I have never been a dirty martini drinker. In fact, it’s probably the last drink I would think to order off a menu since, in many instances, it’s not a drink most bartenders can get creative with. However, the dirty martini took on a new life for me at the newly opened restaurant-meets-marketplace Sunday in Brooklyn, where its version comes with either vodka, gin or tequila prebottled with in-house brines.

Partner Adam Landsman explains that by using “the brine from the various fermented vegetable​​s​ in the kitchen​, we are showcasing creative drinks that ​are quick to make and​ can be done at home.” As an example, for Sunday in Brooklyn’s preserved tequila dirty martini, chef Jaime Young brines guajillo chiles for almost a week, leaving behind an intensely sour and salty mixture. Kevin Denton, who created the restaurant’s cocktail list, then balances this residual brine with a batch of tequila, dry vermouth and water to create the proper dilution level before bottling and chilling for service. The chiles are also blended for the restaurant’s homemade hot sauce, which is sold on the market.
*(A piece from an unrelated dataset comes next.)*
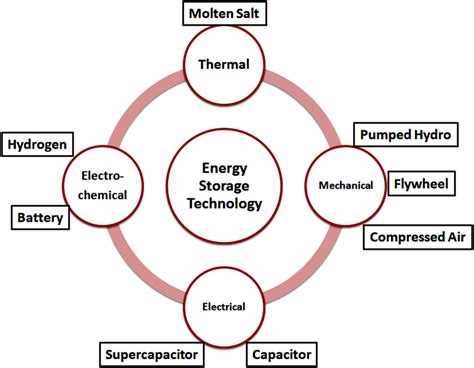 Energy Storage Source 的图像结果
Upon your ordering this drink, the bartender will pop the cap off a small, chilled bottled and simply pour the martini into a Nick & Nora glass, a reminder of the good old days of martini lore. By batching and bottling in advance, Denton can ensure the proper balance of sourness, salt, spirit and any overtones from the vermouth, which evolve together as the drink gently warms in the glass. With the current resurgence of preservation and fermentation techniques in kitchens, it’s great to see the benefits of this “cold fire” also appearing in cocktails.

The team at Sunday in Brooklyn has very kindly shared their full process for fermentation and the cocktail’s creation below to encourage people to try it at home. Take a look.

Tequila Dirty Martini

Servings: About 12 cocktails

1000-mL bottle Altos Blanco Tequila
12 ounces guajillo brine*
8 1/2 ounces Dolin dry vermouth
5 ounces water

*For the guajillo brine: 

  1.  Bring 2/3 tablespoon salt and 1/2 cup water up to a boil. Let it cool to room temp.
  2. Pour over 11 ounces dried guajillo chiles in a food-safe container.
  3. Allow the mixture to ferment at room temperature on a countertop for 4-7 days. Warmer days should be faster. Make sure the final brine tastes sour.
  4. Strain and reserve the brine for the cocktail. Blend the chiles for a homemade hot sauce (Sunday in Brooklyn combines this with another pepper, Indian cashmere, and its house pickling liquid).
  5. Guajillo brine produces 4 1/4 cups of hot sauce and leftover brine.


  1. Combine chile brine with tequila, vermouth and water in a large container.
  2. Bottle, cap and chill for later use.